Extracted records
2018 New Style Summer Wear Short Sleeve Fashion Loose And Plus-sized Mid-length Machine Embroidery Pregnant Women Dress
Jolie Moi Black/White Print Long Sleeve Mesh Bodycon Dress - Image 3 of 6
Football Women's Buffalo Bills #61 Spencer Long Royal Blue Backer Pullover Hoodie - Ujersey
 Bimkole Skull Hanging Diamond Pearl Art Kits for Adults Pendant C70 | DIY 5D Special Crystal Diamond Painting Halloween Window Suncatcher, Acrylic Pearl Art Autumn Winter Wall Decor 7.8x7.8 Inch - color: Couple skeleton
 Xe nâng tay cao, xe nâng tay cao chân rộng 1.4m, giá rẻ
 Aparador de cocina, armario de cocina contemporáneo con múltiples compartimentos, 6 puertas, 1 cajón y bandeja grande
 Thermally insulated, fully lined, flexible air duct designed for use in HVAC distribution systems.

Action item >>
Lines from the one containing "Jolie Moi Black/White" through the end of the data above must be written out exactly, and no other lines are needed.

Answer to the problem >>
Jolie Moi Black/White Print Long Sleeve Mesh Bodycon Dress - Image 3 of 6
Football Women's Buffalo Bills #61 Spencer Long Royal Blue Backer Pullover Hoodie - Ujersey
 Bimkole Skull Hanging Diamond Pearl Art Kits for Adults Pendant C70 | DIY 5D Special Crystal Diamond Painting Halloween Window Suncatcher, Acrylic Pearl Art Autumn Winter Wall Decor 7.8x7.8 Inch - color: Couple skeleton
 Xe nâng tay cao, xe nâng tay cao chân rộng 1.4m, giá rẻ
 Aparador de cocina, armario de cocina contemporáneo con múltiples compartimentos, 6 puertas, 1 cajón y bandeja grande
 Thermally insulated, fully lined, flexible air duct designed for use in HVAC distribution systems.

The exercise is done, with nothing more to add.